- [TASK GOAL] Output exactly the lines from the line that has "a view of kitchen with furniture and window" through the last line of the data below, with no pictures.

- [EXERCISE MATERIALS]
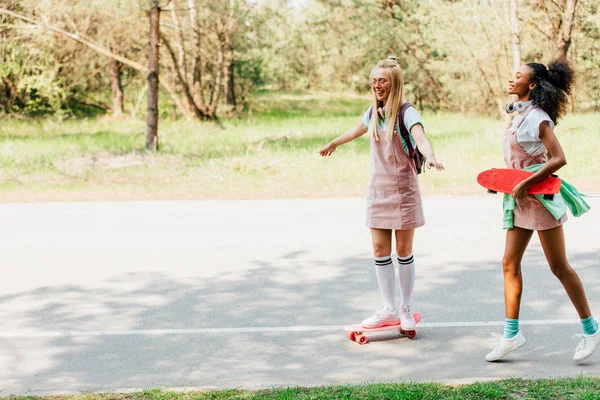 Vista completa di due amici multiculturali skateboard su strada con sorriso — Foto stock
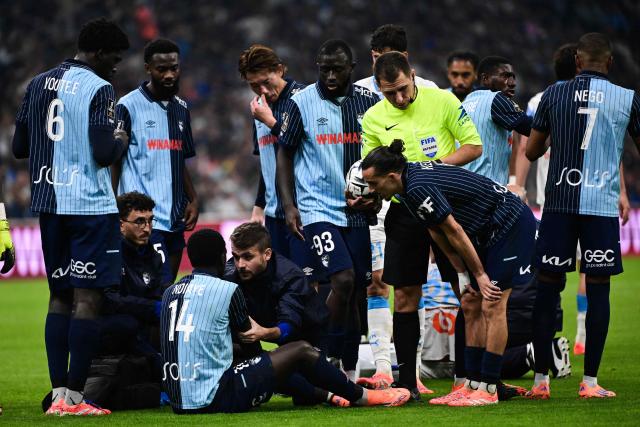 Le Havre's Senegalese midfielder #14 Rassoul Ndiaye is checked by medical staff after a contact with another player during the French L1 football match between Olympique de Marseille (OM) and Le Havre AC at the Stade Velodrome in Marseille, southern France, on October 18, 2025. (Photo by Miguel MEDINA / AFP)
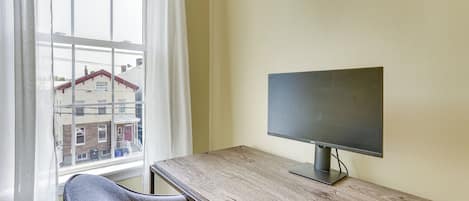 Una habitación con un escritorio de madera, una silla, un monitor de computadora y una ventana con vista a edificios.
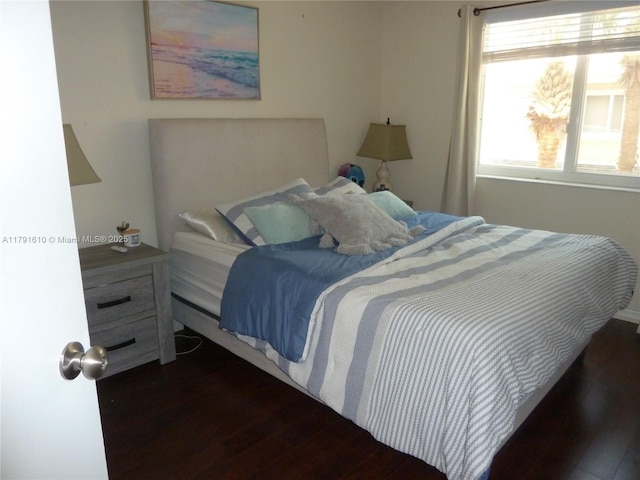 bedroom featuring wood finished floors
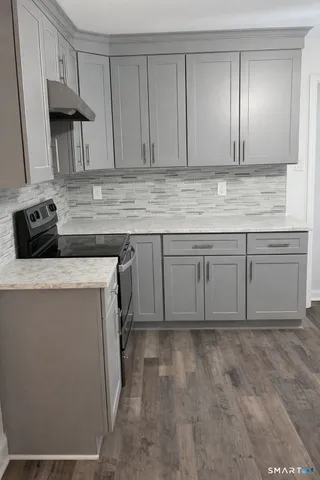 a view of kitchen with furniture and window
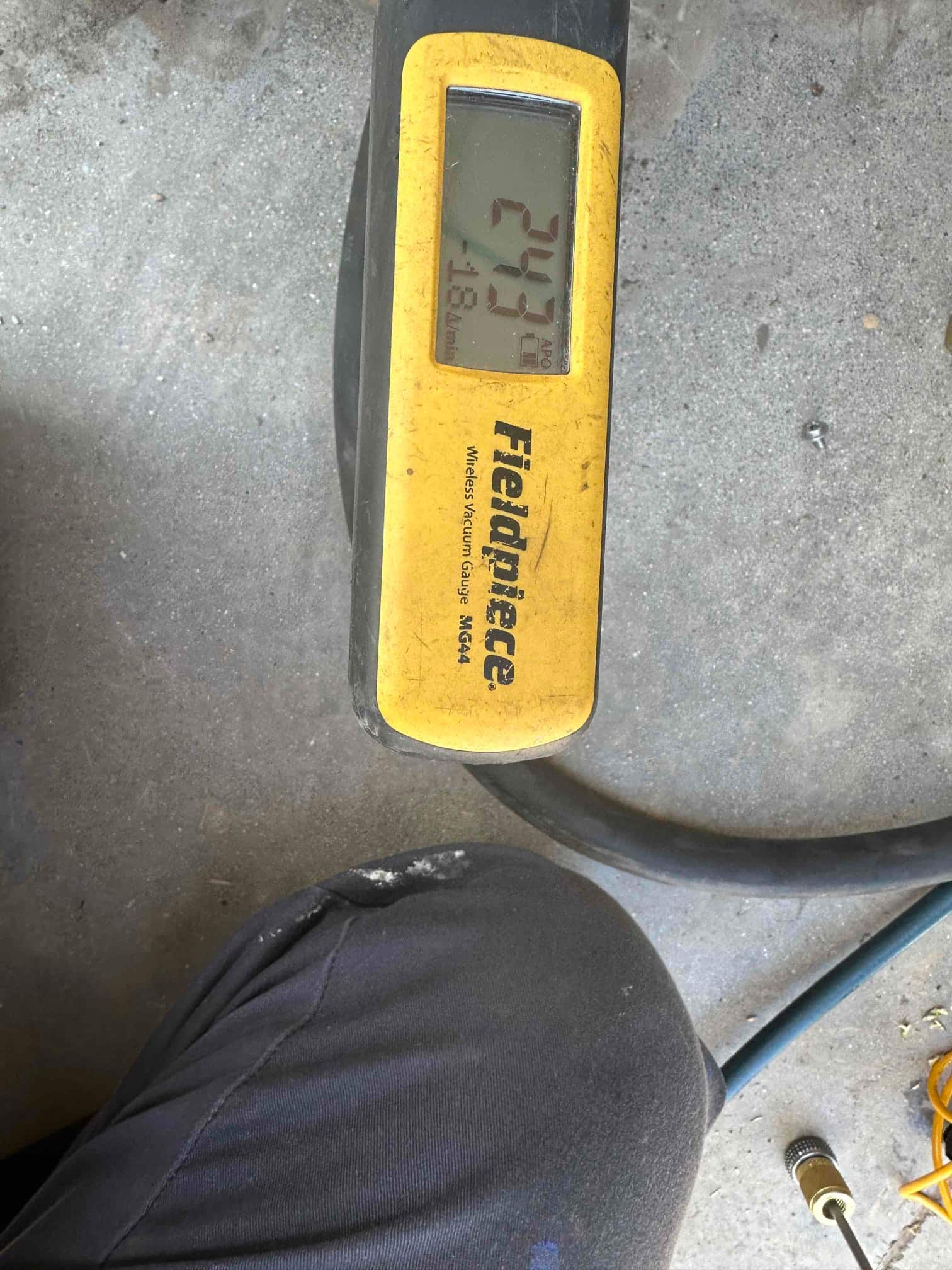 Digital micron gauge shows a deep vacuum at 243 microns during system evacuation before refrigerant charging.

- [THE ANSWER]
 a view of kitchen with furniture and window
 Digital micron gauge shows a deep vacuum at 243 microns during system evacuation before refrigerant charging.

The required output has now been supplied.